Problem to solve » Only the lines from the one with "Sticker - Office" through the last line of the material below belong in the answer, copied exactly and without pictures.

Data excerpt »
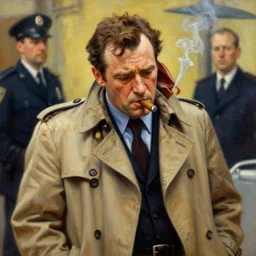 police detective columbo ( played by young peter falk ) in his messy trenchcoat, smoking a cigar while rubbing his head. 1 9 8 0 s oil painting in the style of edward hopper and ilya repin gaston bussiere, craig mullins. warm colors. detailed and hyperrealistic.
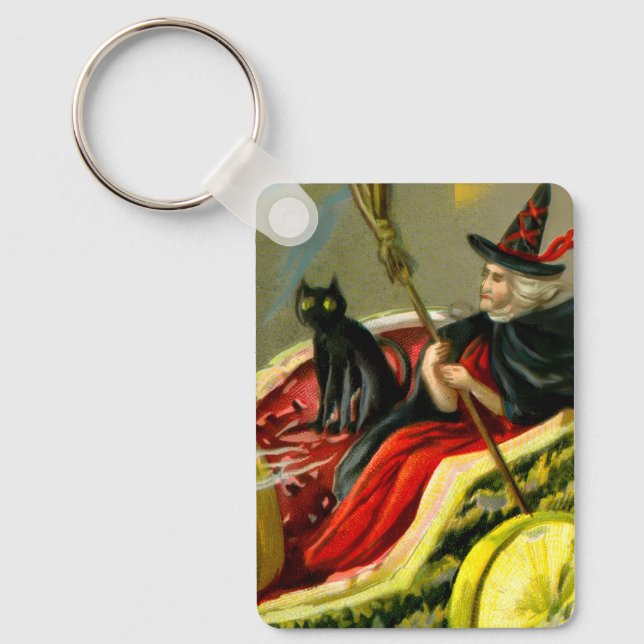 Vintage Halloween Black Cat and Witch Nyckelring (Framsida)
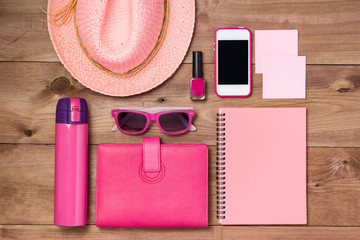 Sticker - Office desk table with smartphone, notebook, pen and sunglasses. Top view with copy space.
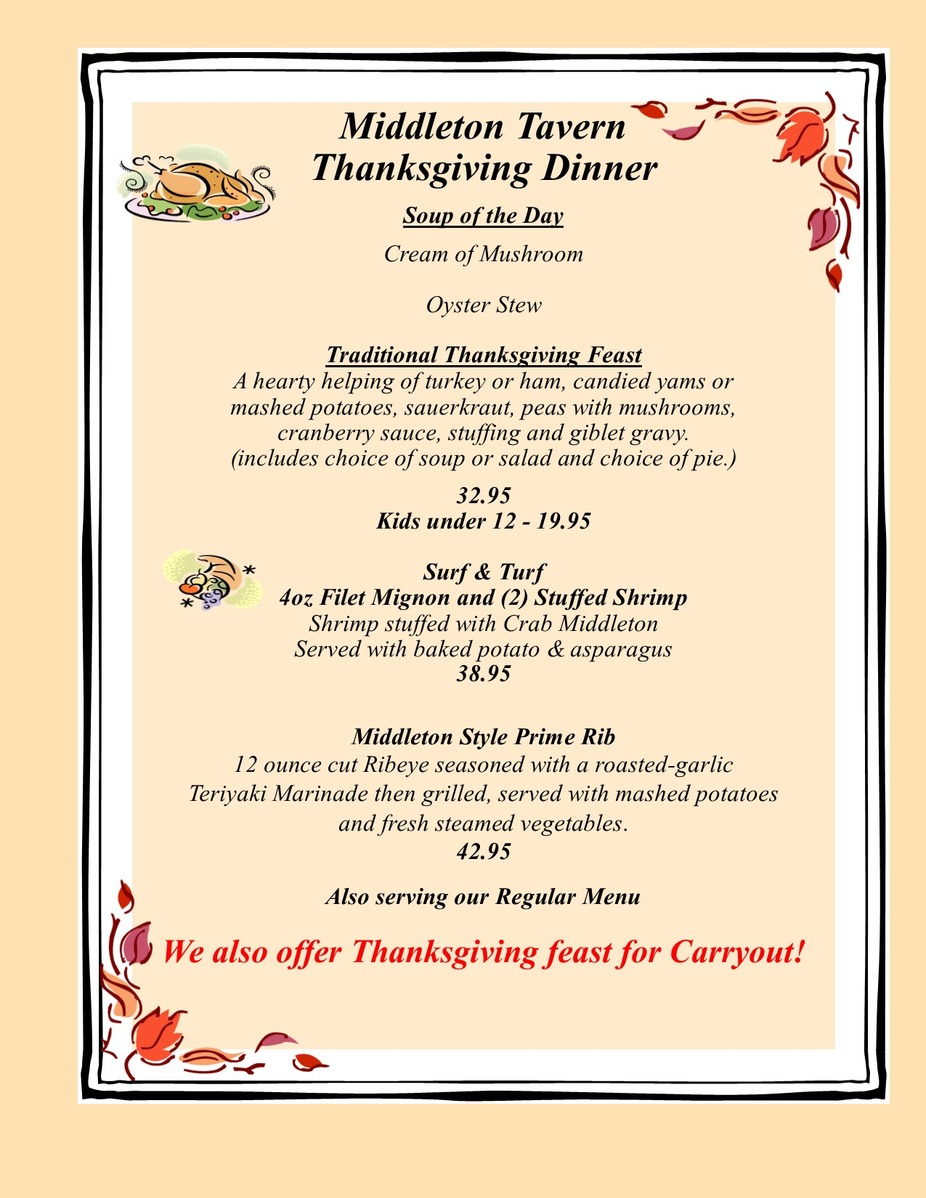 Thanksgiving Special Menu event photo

Solved problem »
 Sticker - Office desk table with smartphone, notebook, pen and sunglasses. Top view with copy space.
 Thanksgiving Special Menu event photo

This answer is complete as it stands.